Pope Francis, in his World Communications Day message released Jan. 24 (the feast of St. Francis de Sales, the patron saint of Catholic journalists), said society cannot lose its right to expect accurate, truthful and reliable information.
“I am convinced that we have to break the vicious circle of anxiety and stem the spiral of fear resulting from a constant focus on ‘bad news,’” said Pope Francis. “This has nothing to do with spreading misinformation that would ignore the tragedy of human suffering, nor is it about a naive optimism blind to the scandal of evil.
“Rather, I propose that all of us work at overcoming that feeling of growing discontent and resignation that can at times generate apathy,” he said.
Rather than rely on a communications industry that focuses on tragedy and “thinks that good news does not sell,” Pope Francis proposed another option.
“I would like to contribute to the search for an open and creative style of communication that never seeks to glamorize evil but instead to concentrate on solutions and to inspire a positive and responsible approach on the part of its recipients,” said Pope Francis. “I ask everyone to offer the people of our time storylines that are at heart ‘good news.’”
I think what Pope Francis alludes to here is part of the mission of the Catholic press. Catholic newspapers, magazines, books and online publications do seek to inspire a positive and responsible approach to delivering its message.
The Holy Father eloquently states that life “is not simply a bare succession of events, but… a story waiting to be told through the choice of an interpretative lens.” How is that for defining the role of the Catholic press?
He goes on to say that reality “depends on the way we look at things, on the lens we use to view them.”
During the month of February, the U.S. church observes Catholic Press Month.

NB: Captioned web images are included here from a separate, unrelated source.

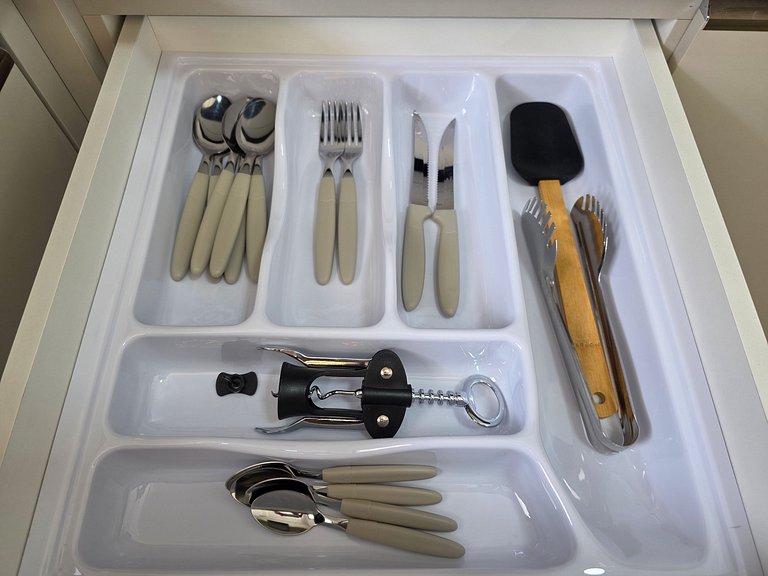 Sobrado 21 novíssimo 3 quartos melhor bairro de foz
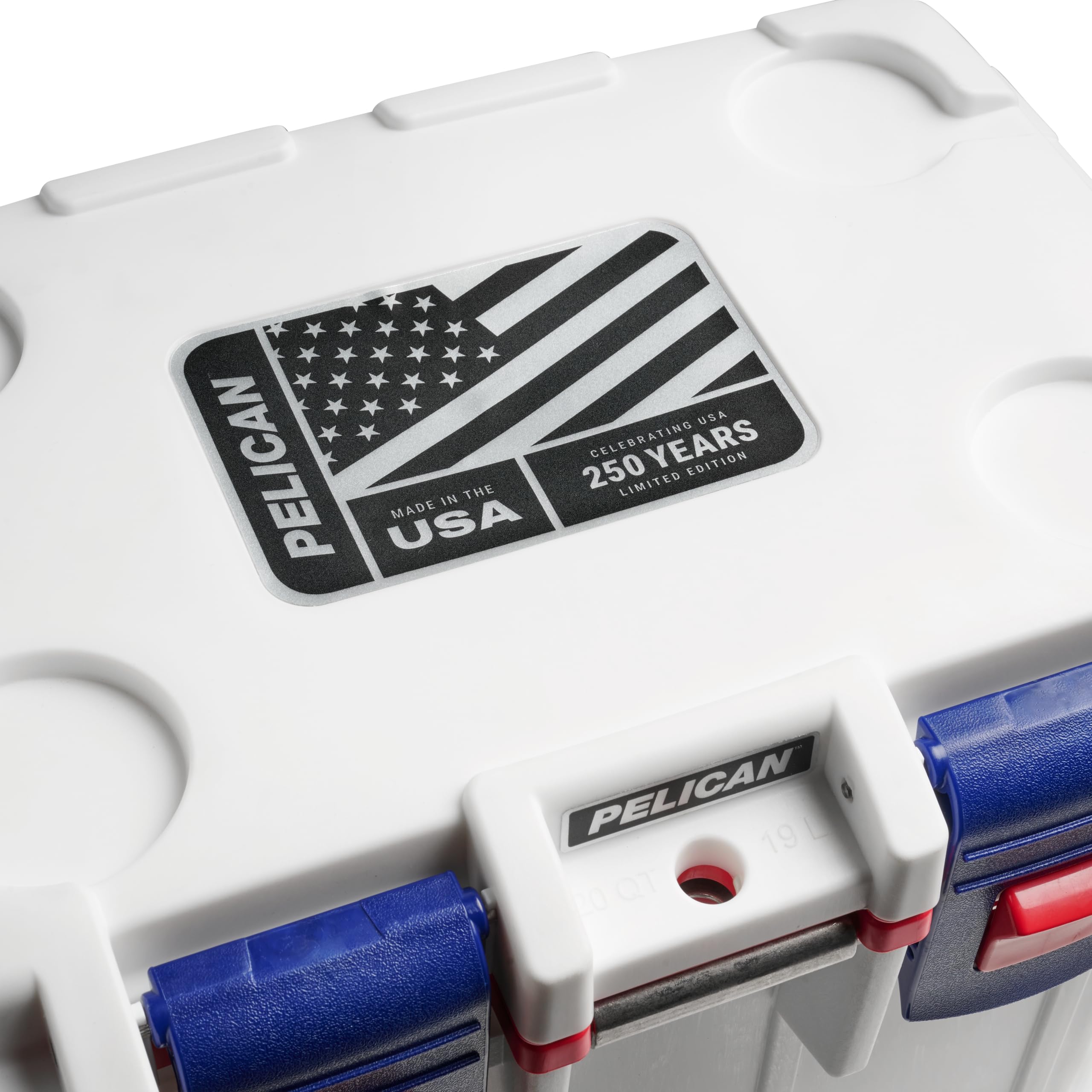 Amazon.com: Pelican 14 Quart Personal Lunch Box Cooler - Can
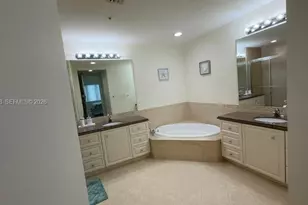 19 W Harbour Isle Dr W, Fort Pierce, FL 34949 - Photo 25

It is an opportunity to reflect on the mission of the Catholic press and consider how well that mission is being served.
Our mission is to form, inform and inspire, to present the news of the day accurately and objectively, and to offer instructional (catechetical) material to help educate readers about the faith. This is our “interpretative lens.”
Bishop David Ricken, our publisher, has asked The Compass to help him promote the diocesan vision and mission statements announced last August. These statements, intended to guide the diocese in years to come, are short and direct:
Vision statement: “We are missionary disciples striving to lead all people to the Kingdom of God.”

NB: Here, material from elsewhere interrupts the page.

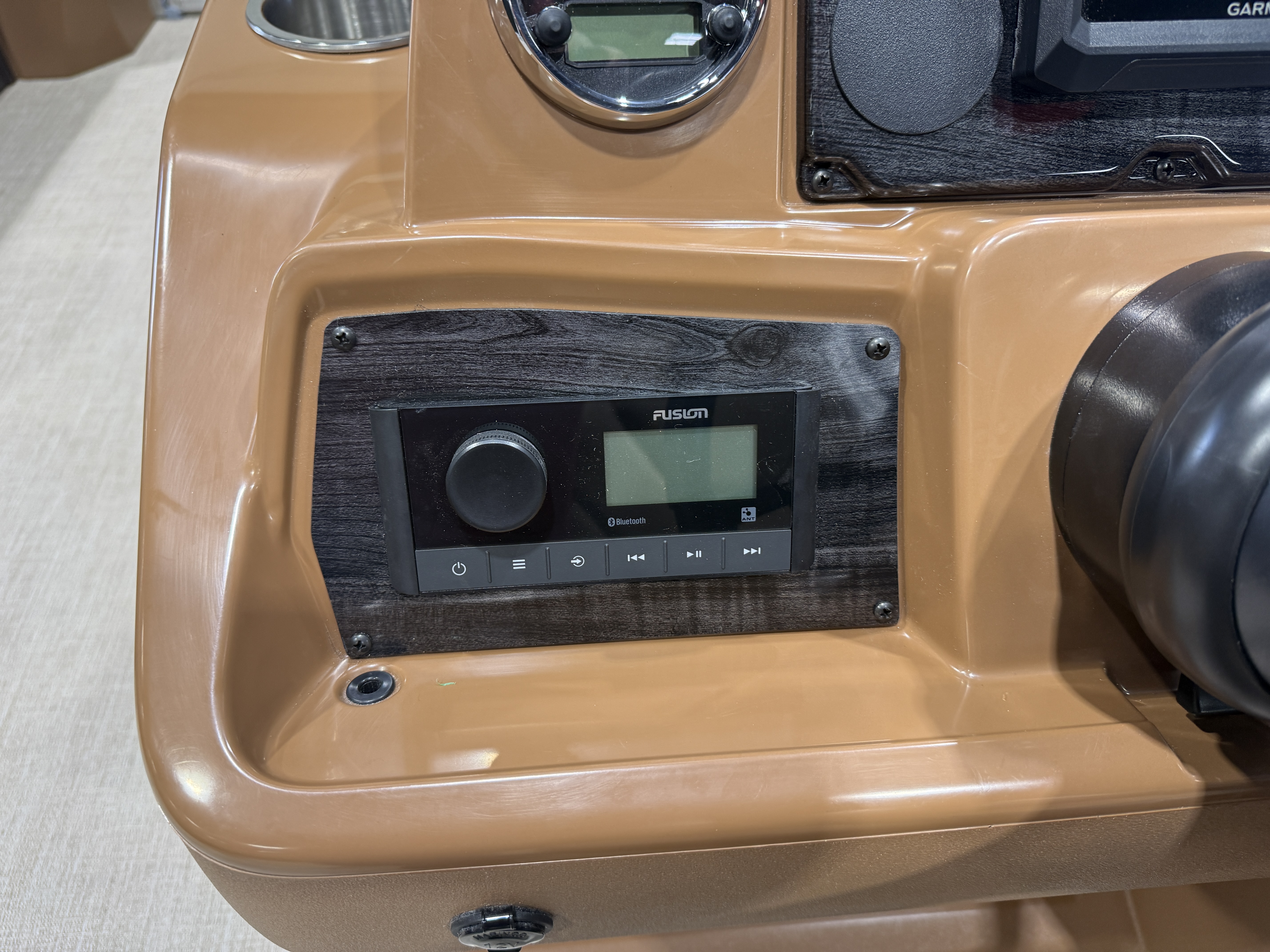 2027 Tahoe Sport VRB SE 2385 Swingback & 4-Stroke $35995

Mission statement: “As friends and followers of Jesus, we are devoted to fostering households and communities of discipleship through the mission and ministry of the Catholic Church.”
These goals will be incorporated into our mission as promoters of the Good News. We thank parishes for their support by offering subscriptions to parish members. A special word of thanks goes out to three pastors who recently added their parishes to our “full coverage” subscription level: Fr. Matthew Settle, St. Anthony Parish in Niagara; Fr. Carl Schmitt, St. Mary Parish in Maplewood; and Fr. Joel Sember, St. Anthony Parish in Oconto Falls.

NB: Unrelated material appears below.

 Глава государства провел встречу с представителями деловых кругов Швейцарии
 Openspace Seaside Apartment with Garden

Full coverage parishes provide Compass subscriptions for 50 percent or more of their “contributing units.” They get a discounted rate per subscription of $15.50 per year. A regular subscription is $28.
By becoming a “full coverage” parish, parishes assist The Compass in reaching more people in the pews, furthering our mission of forming, informing and inspiring, while “fostering households of discipleship.”